The story of Vulcan begins with Birmingham Slag, a business founded in 1909 by Solon Jacobs. The purpose of the new venture was to repurpose the remnants of the steel making process for use in road construction and as ballast for railroad tracks. After years of successful operation, Jacobs sold the business in 1916 to the Ireland family.

With extreme frugality, the Irelands successfully grew the business. They opened new plants and acquired several sand and gravel pits in the southeast. With this growth, Birmingham Slag would eventually win bids on significant projects. They provided materials and services for the Tennessee Valley Authority and the Manhattan Project.

Vulcan Materials ad in 1959 Alabama State Fair brochure

After World War II, Birmingham Slag and many other family-owned aggregates businesses had the enormous opportunity afforded them by the passage of the Federal Aid Highway Act of 1956. However, Birmingham Slag and its competitors all lacked the scale and capital to fully take advantage of this opportunity.

For Birmingham Slag, the solution was to acquire a public company called Vulcan Detinning in 1956. With this acquisition, Birmingham Slag became a public company (renamed Vulcan Materials) and could more easily raise capital. It also now had a currency with which it could acquire other aggregates businesses. For the other small players in the industry, selling to Vulcan was an attractive proposition as many were facing significant estate tax issues. They could sell to Vulcan not for cash, but in exchange for Vulcan shares, which eased their tax issues.

In four short years, Birmingham Slag transformed into Vulcan Materials, the nation’s largest producer of aggregates. Annual revenues went from $21.4 million in 1956 to $110 million in 1959 as they acquired numerous family-owned quarries.


One great quality about the aggregates business is that there is no alternative to crushed rock for infrastructure and construction projects.

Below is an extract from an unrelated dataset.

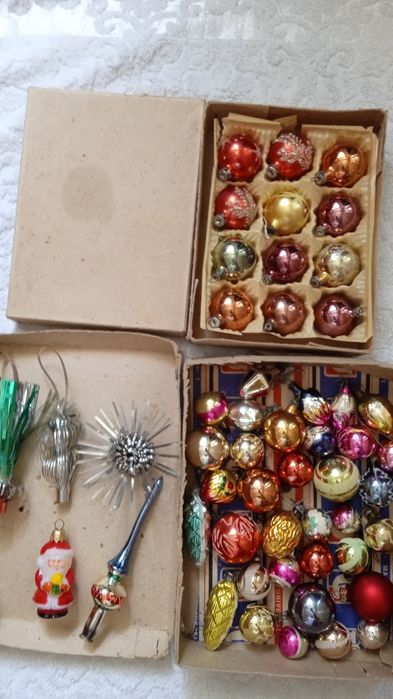 Globuri și ornamente vechi pentru Crăciun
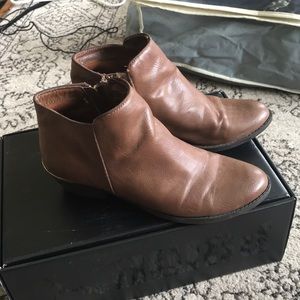 Steve Madden Brown ankle booties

For example, in 2006, the U.S. Geological Survey estimated that there was 1.5 billion metric tons of natural aggregates in use in the national highway system while there was just a combined 89 million metric tons of cement, asphalt and steel. Natural aggregates accounted for 94% of these total materials.

Another excellent quality of an aggregates business is its pricing power. The average price of a metric ton of crushed stone in the U.S. was $14 in 2022. However, transportation costs can quickly evaporate that purchase price based on travel distance. Thus, aggregates must be sourced locally, which gives these businesses the power to raise prices slowly and steadily above the rate of inflation. See Lawrence Hamtil's blog post “Rock Pile Riches”.

Despite several generations of consolidation, the industry remains highly fragmented. Further, the opening of new quarries is close to impossible given the permitting and regulatory hurdles. Thus, there is ample opportunity for the larger players like Vulcan, Martin Marietta, and others, to continue to consolidate by acquiring the large number of smaller players.


The aggregates industry is one that will persist for many generations going forward. It exhibits many of the attributes that Andvari values. There is reliable and predictable growth from the continual spending on vital infrastructure maintenance and new construction projects. The industry has pricing power and there remains an opportunity for the large public companies to consolidate what is still a highly fragmented industry.